▶ **Records shown**:
....

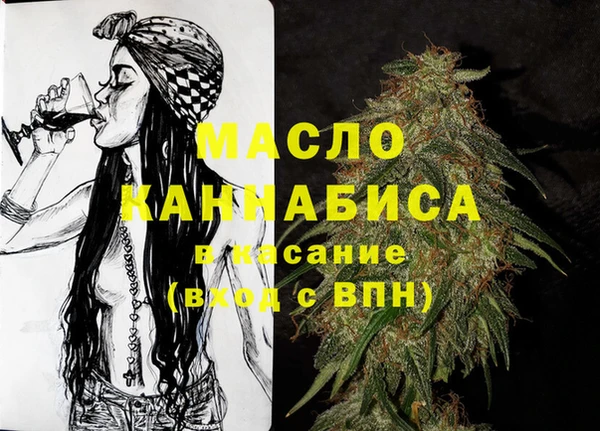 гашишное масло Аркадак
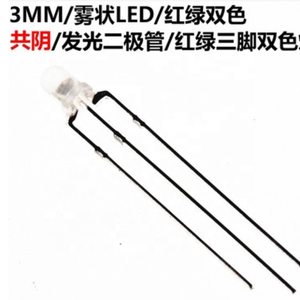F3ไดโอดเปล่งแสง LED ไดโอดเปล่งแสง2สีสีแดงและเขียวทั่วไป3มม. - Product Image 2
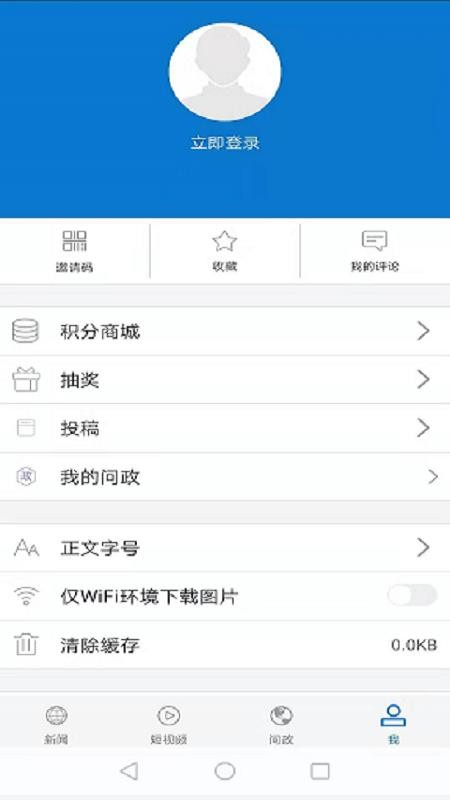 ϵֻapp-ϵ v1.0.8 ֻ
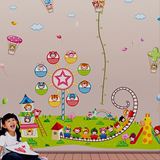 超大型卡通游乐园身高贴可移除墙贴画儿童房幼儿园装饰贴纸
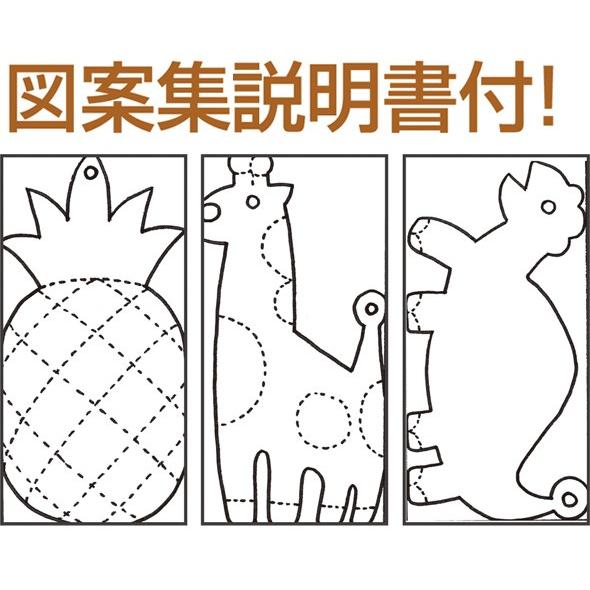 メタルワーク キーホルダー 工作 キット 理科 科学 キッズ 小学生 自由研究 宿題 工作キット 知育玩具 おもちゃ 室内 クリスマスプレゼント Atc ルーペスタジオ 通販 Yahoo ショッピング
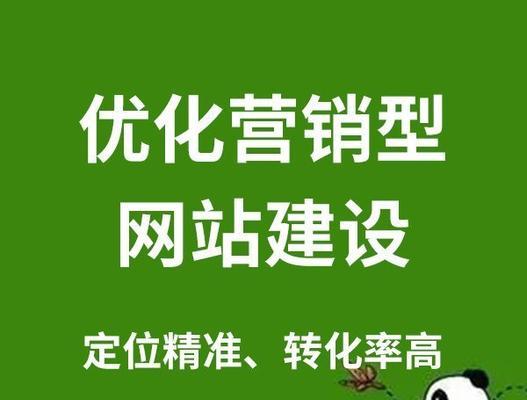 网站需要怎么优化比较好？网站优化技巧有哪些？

....

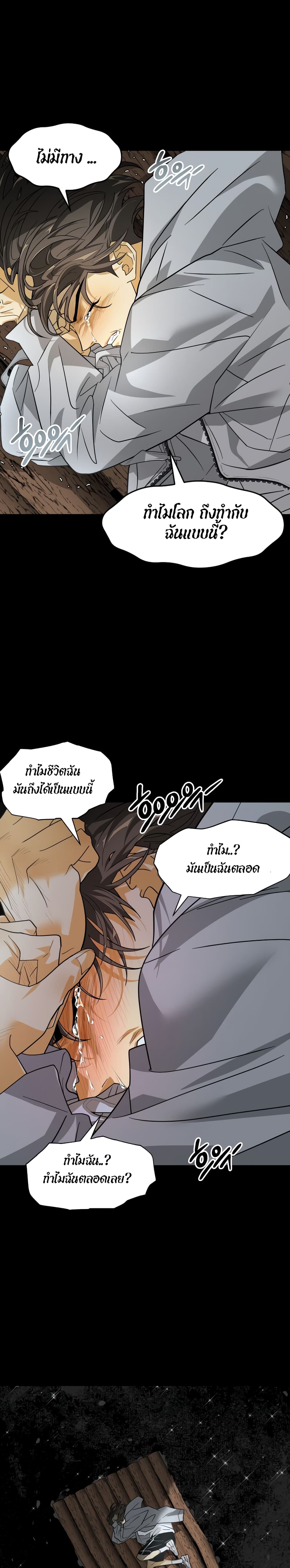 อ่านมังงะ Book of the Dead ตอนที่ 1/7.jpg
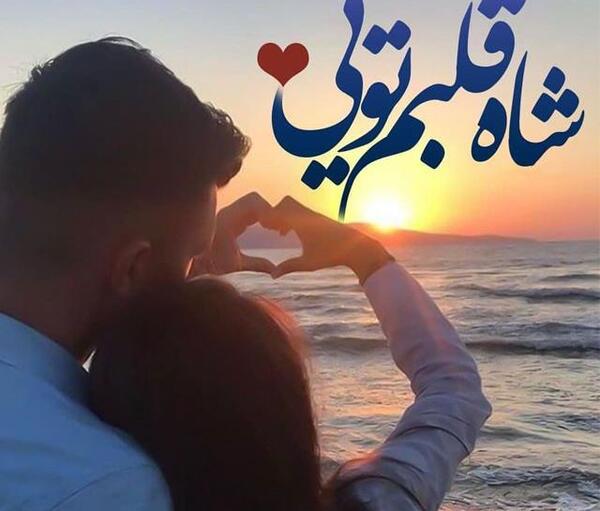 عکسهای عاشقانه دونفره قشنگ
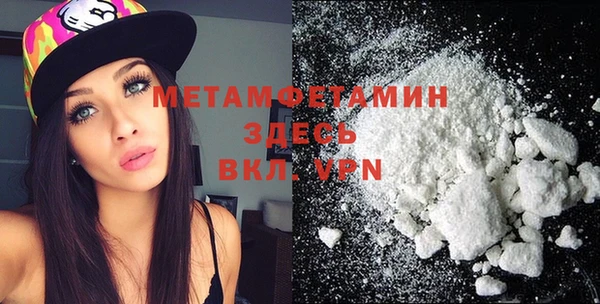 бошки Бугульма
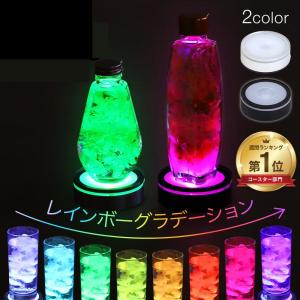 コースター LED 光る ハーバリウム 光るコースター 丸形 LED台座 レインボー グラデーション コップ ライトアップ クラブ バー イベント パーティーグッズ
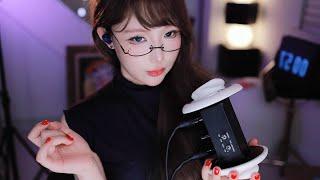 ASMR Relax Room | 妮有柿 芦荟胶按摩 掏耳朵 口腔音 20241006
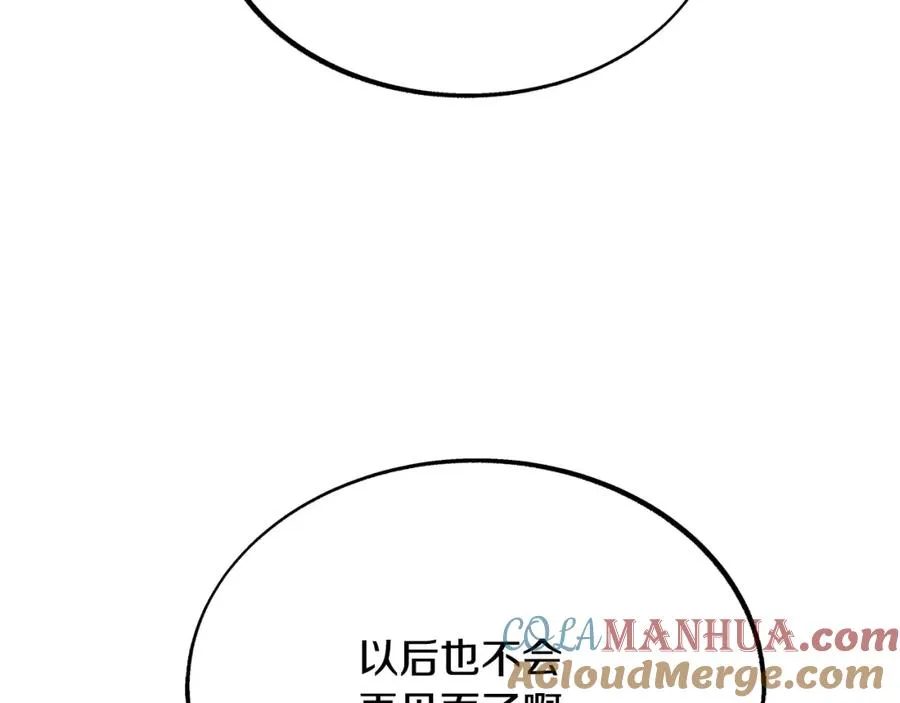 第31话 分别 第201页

....

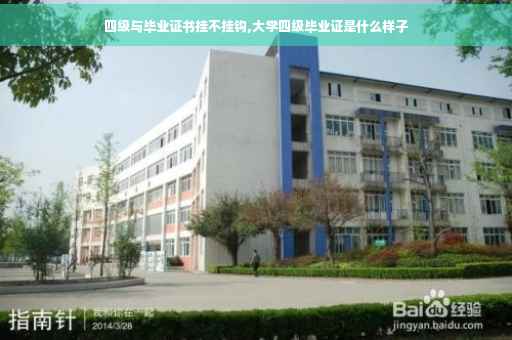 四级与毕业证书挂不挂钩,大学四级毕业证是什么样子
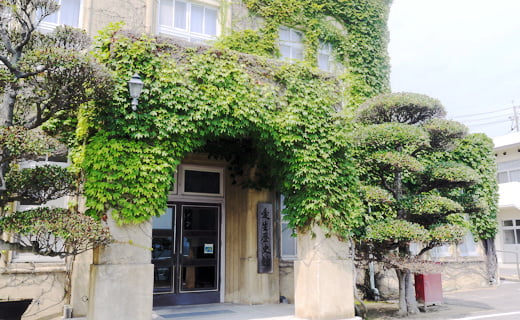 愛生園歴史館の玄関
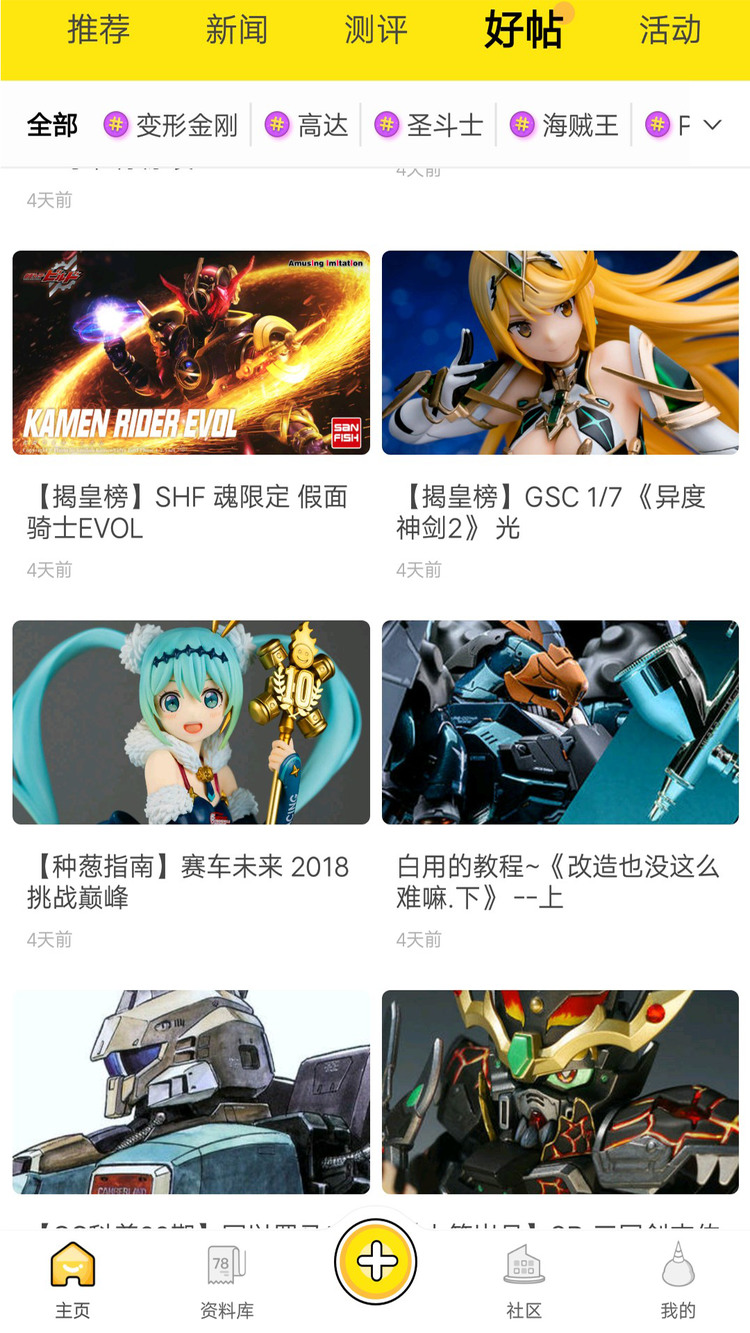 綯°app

....

Find where the line with "ASMR Relax Room | 妮有柿 芦荟胶按摩 掏耳朵 口腔音 20241006" sits in the material above and where the line with "第31话 分别 第201页" sits. Set down exactly the lines from the first to the second, both included and nothing else, without pictures.

▶ **Answer to this problem**:
 ASMR Relax Room | 妮有柿 芦荟胶按摩 掏耳朵 口腔音 20241006
 第31话 分别 第201页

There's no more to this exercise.